**TASK**
Please return each record exactly as it stands.

*** Opening PROVIDED ENTRIES ***

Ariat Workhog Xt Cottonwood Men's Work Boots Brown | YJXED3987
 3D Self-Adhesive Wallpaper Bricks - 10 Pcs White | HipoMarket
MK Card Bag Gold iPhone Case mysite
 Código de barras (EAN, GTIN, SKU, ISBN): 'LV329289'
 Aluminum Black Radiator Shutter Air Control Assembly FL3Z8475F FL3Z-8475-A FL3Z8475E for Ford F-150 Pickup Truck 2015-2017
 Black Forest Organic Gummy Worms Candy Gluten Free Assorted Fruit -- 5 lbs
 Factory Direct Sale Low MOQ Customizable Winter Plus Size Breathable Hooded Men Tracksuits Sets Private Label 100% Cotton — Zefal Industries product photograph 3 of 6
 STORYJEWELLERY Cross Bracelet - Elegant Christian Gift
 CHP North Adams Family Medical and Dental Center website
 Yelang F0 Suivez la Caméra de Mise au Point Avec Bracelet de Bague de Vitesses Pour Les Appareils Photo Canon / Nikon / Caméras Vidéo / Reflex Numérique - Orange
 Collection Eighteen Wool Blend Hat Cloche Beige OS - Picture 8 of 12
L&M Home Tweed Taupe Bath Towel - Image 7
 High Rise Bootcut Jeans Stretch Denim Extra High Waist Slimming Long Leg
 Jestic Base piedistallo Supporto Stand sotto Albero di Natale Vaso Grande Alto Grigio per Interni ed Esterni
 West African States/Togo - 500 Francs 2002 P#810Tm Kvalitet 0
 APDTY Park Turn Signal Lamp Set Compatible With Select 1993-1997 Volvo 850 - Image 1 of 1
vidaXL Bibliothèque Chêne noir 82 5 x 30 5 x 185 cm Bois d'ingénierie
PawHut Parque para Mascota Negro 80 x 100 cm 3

*** Closing PROVIDED ENTRIES ***

**TASK ANSWER**
Ariat Workhog Xt Cottonwood Men's Work Boots Brown | YJXED3987
 3D Self-Adhesive Wallpaper Bricks - 10 Pcs White | HipoMarket
MK Card Bag Gold iPhone Case mysite
 Código de barras (EAN, GTIN, SKU, ISBN): 'LV329289'
 Aluminum Black Radiator Shutter Air Control Assembly FL3Z8475F FL3Z-8475-A FL3Z8475E for Ford F-150 Pickup Truck 2015-2017
 Black Forest Organic Gummy Worms Candy Gluten Free Assorted Fruit -- 5 lbs
 Factory Direct Sale Low MOQ Customizable Winter Plus Size Breathable Hooded Men Tracksuits Sets Private Label 100% Cotton — Zefal Industries product photograph 3 of 6
 STORYJEWELLERY Cross Bracelet - Elegant Christian Gift
 CHP North Adams Family Medical and Dental Center website
 Yelang F0 Suivez la Caméra de Mise au Point Avec Bracelet de Bague de Vitesses Pour Les Appareils Photo Canon / Nikon / Caméras Vidéo / Reflex Numérique - Orange
 Collection Eighteen Wool Blend Hat Cloche Beige OS - Picture 8 of 12
L&M Home Tweed Taupe Bath Towel - Image 7
 High Rise Bootcut Jeans Stretch Denim Extra High Waist Slimming Long Leg
 Jestic Base piedistallo Supporto Stand sotto Albero di Natale Vaso Grande Alto Grigio per Interni ed Esterni
 West African States/Togo - 500 Francs 2002 P#810Tm Kvalitet 0
 APDTY Park Turn Signal Lamp Set Compatible With Select 1993-1997 Volvo 850 - Image 1 of 1
vidaXL Bibliothèque Chêne noir 82 5 x 30 5 x 185 cm Bois d'ingénierie
PawHut Parque para Mascota Negro 80 x 100 cm 3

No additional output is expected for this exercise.